6/10
More lives than a cat.
25 April 2010
Producer / writer Harry Alan Towers and director Don Sharp follow up their 1965 "The Face of Fu Manchu" a year later with the modest "The Brides of Fu Manchu". Actor Christopher Lee returns as Sax Rhomer's oriental mastermind villain Fu Manchu in another attempt to take over the world, after surviving the explosive finale in "Face…". Nigel Green doesn't return, which leaves Douglas Wilmer filling in as the commissioner Neyland Smith from Scotland Yard in his quest to foil Fu Manchu's quest for world domination. Fu Manchu is kidnapping young women who happened to be daughters of prominent scientists in the order of blackmailing them in helping him create a death weapon, but Neyland Smith is hot on the trail.

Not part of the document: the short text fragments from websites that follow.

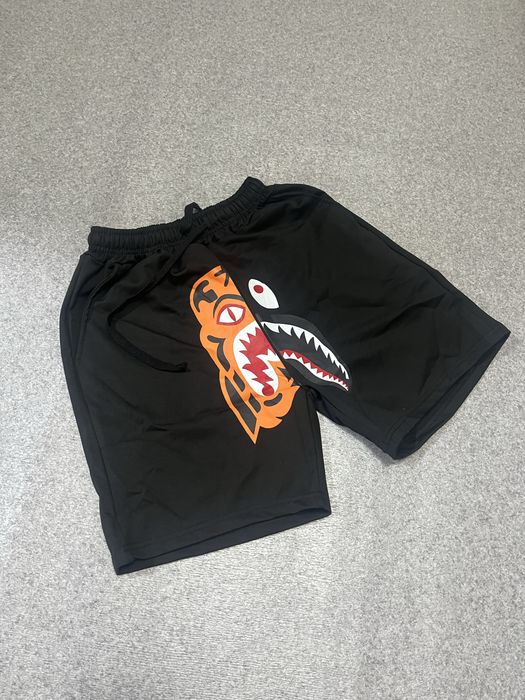Футболки и шорты  Bape/Бэйп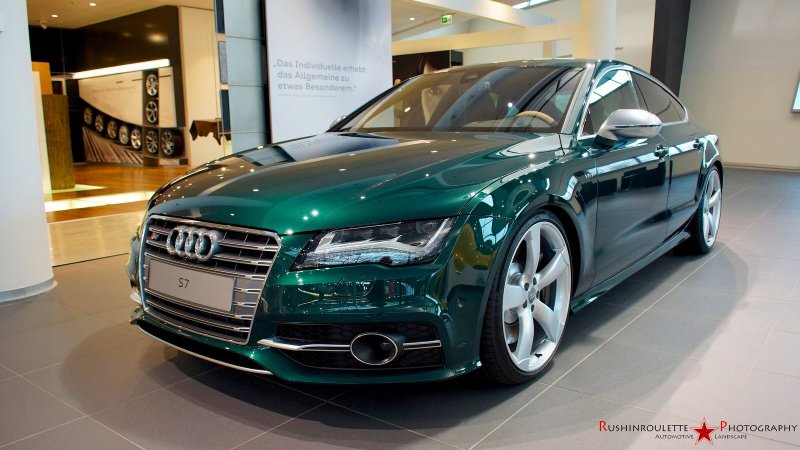 Audi a4 изумруд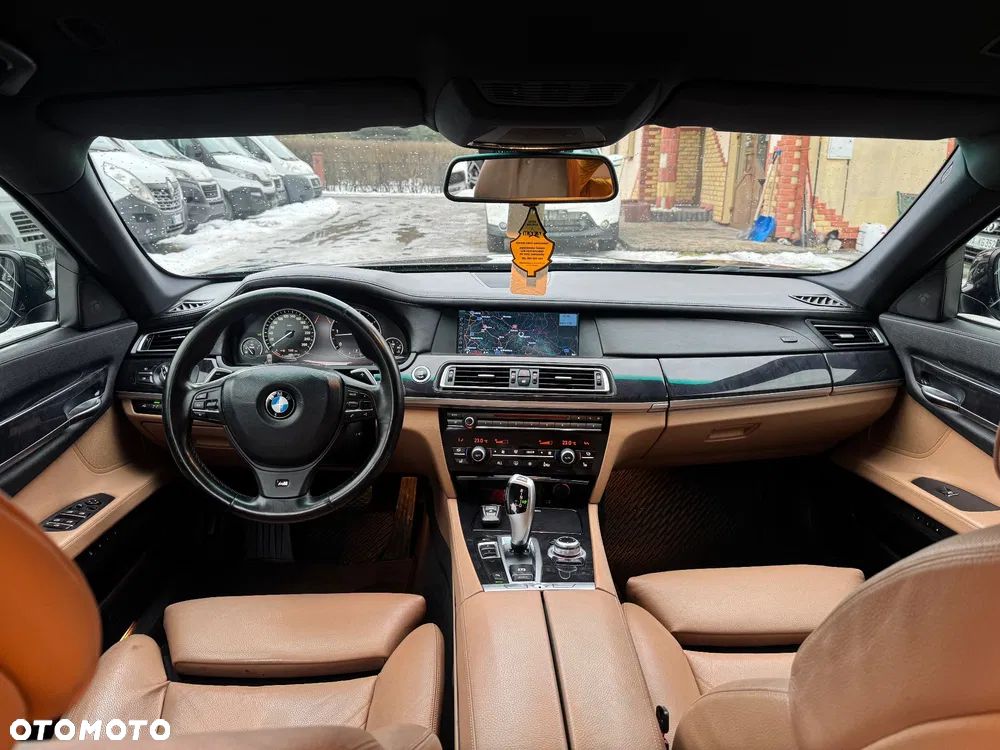BMW Seria 7 - 21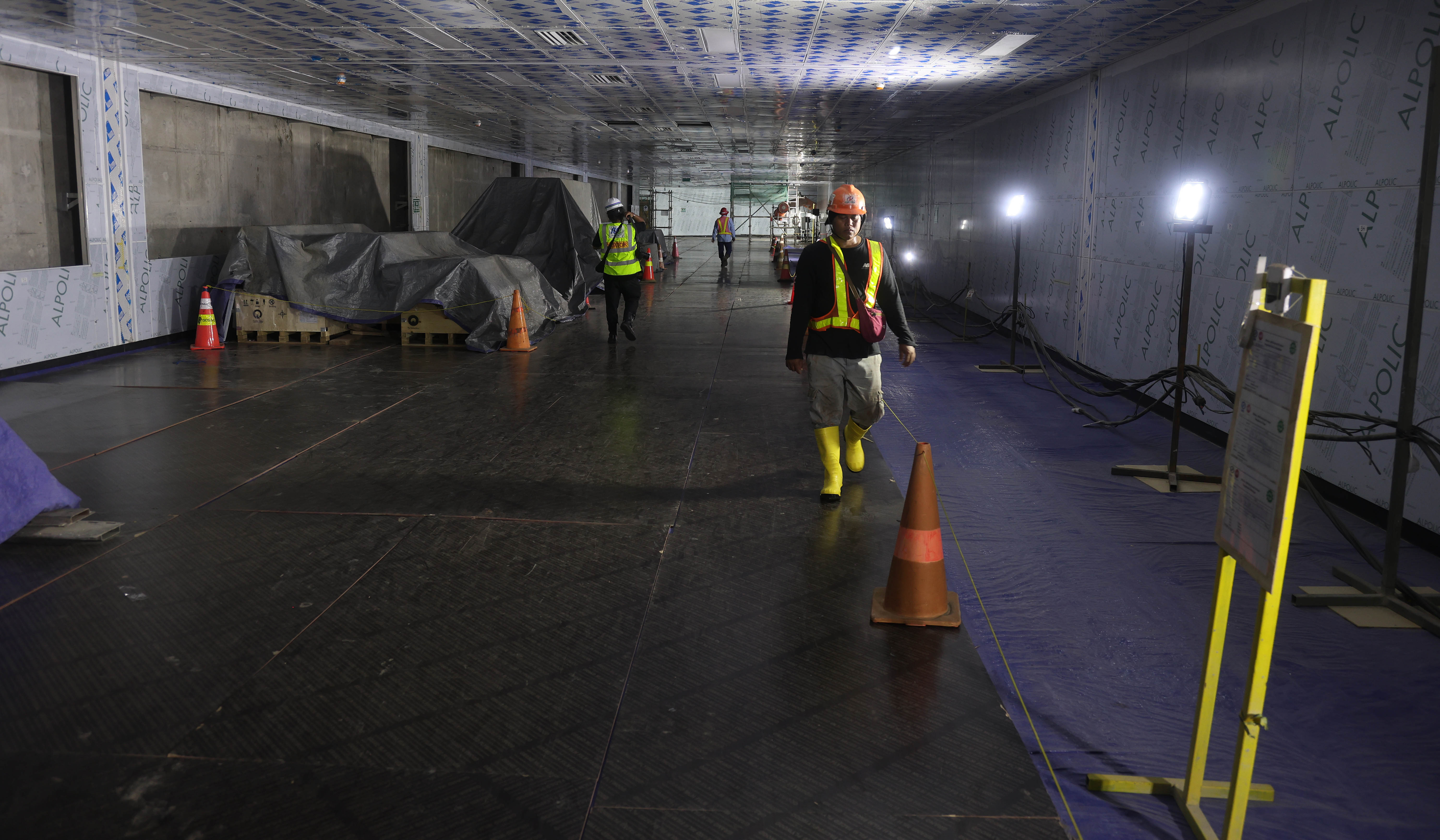 Pekerja melakukan pengecekan terowongan MRT Fase 2. (Agus Priatna/SinPo.id)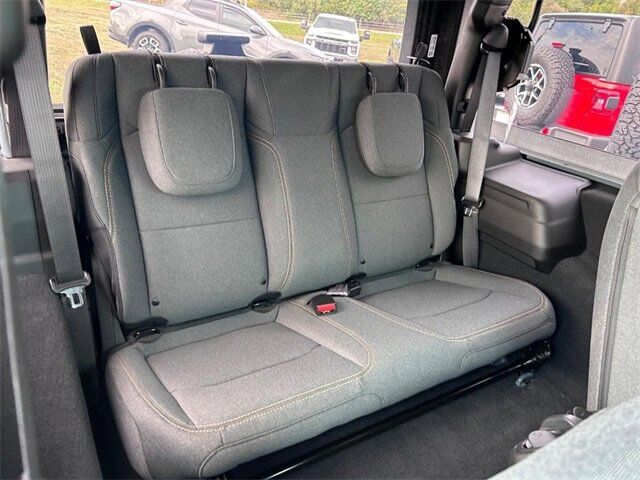 2025 Jeep Wrangler Sport S Farmington MO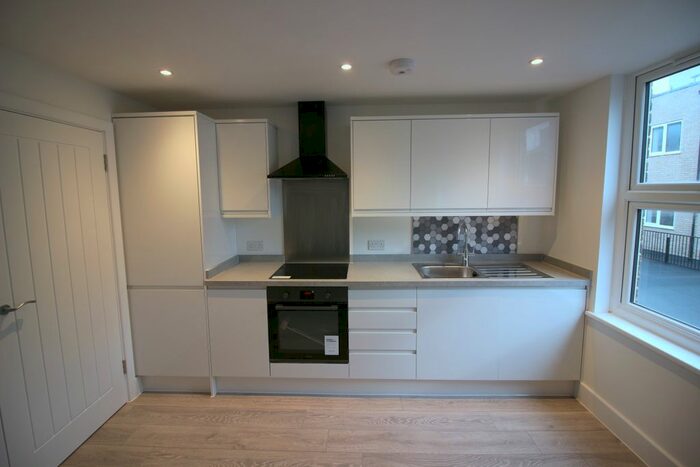 2 Bedroom Flat To Rent In Flat, Postway Mews, Illford, Essex, IG1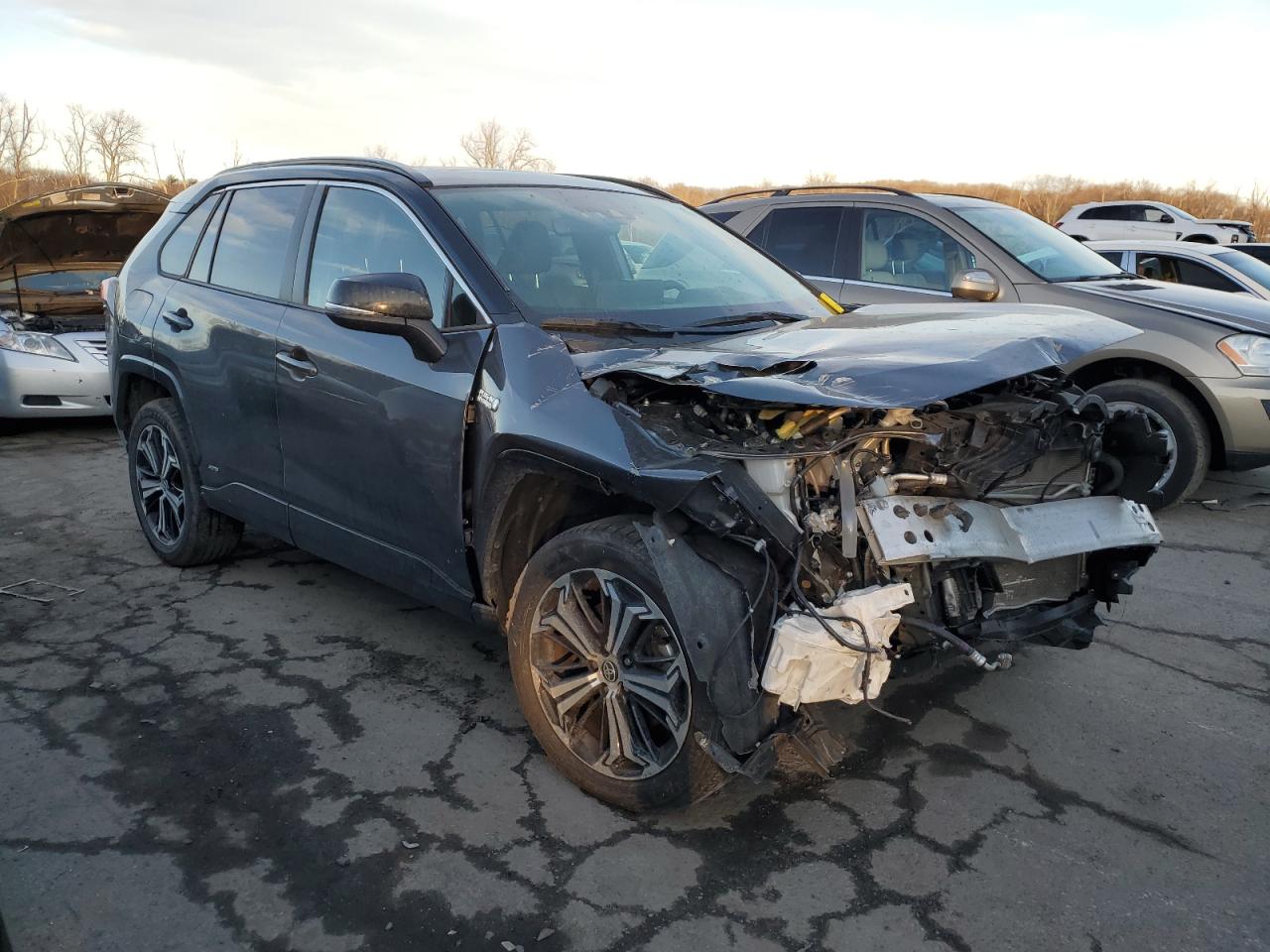 VIN JTMEB3FV5PD144988 2023 TOYOTA RAV4 no.4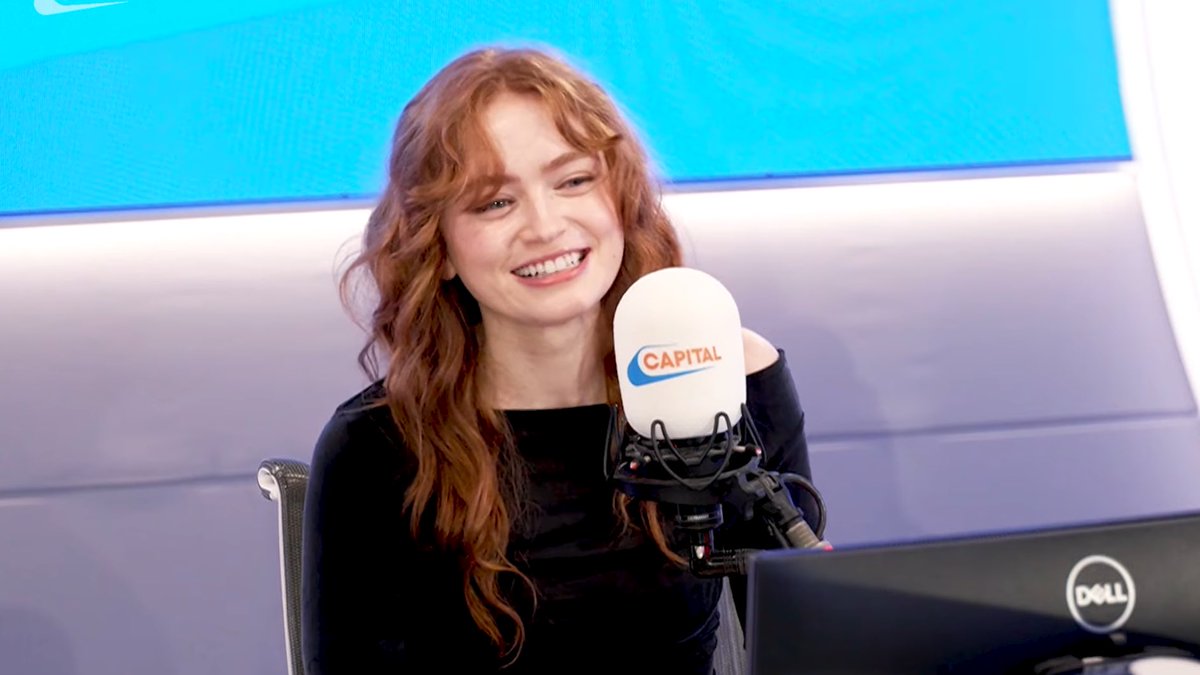 sadie sink posts tweet media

Keeping to the same formula as "Face…" it has outlandish plotting made up of set-pieces, elaborate set details (the secret hideout), pulp dialogues, rough and tumble action (combat, fists flying, car chases, explosions) that's wrapped up like an enjoyable live comic strip. Sharp's handling might look plain and tight, but it's efficiently exciting and zippy in its pacing. The thick plot is deviously knotty, but surely convenient in the uncanny developments. Good old fashion scheming in trying to keep one step ahead. There are sound performances from the cast. Lee is doing it easy, but gets away with such a magnetic presence. Wilmer is no Green, but is acceptable and Tsai Chin is good fun as Fu Manchu's evil daughter.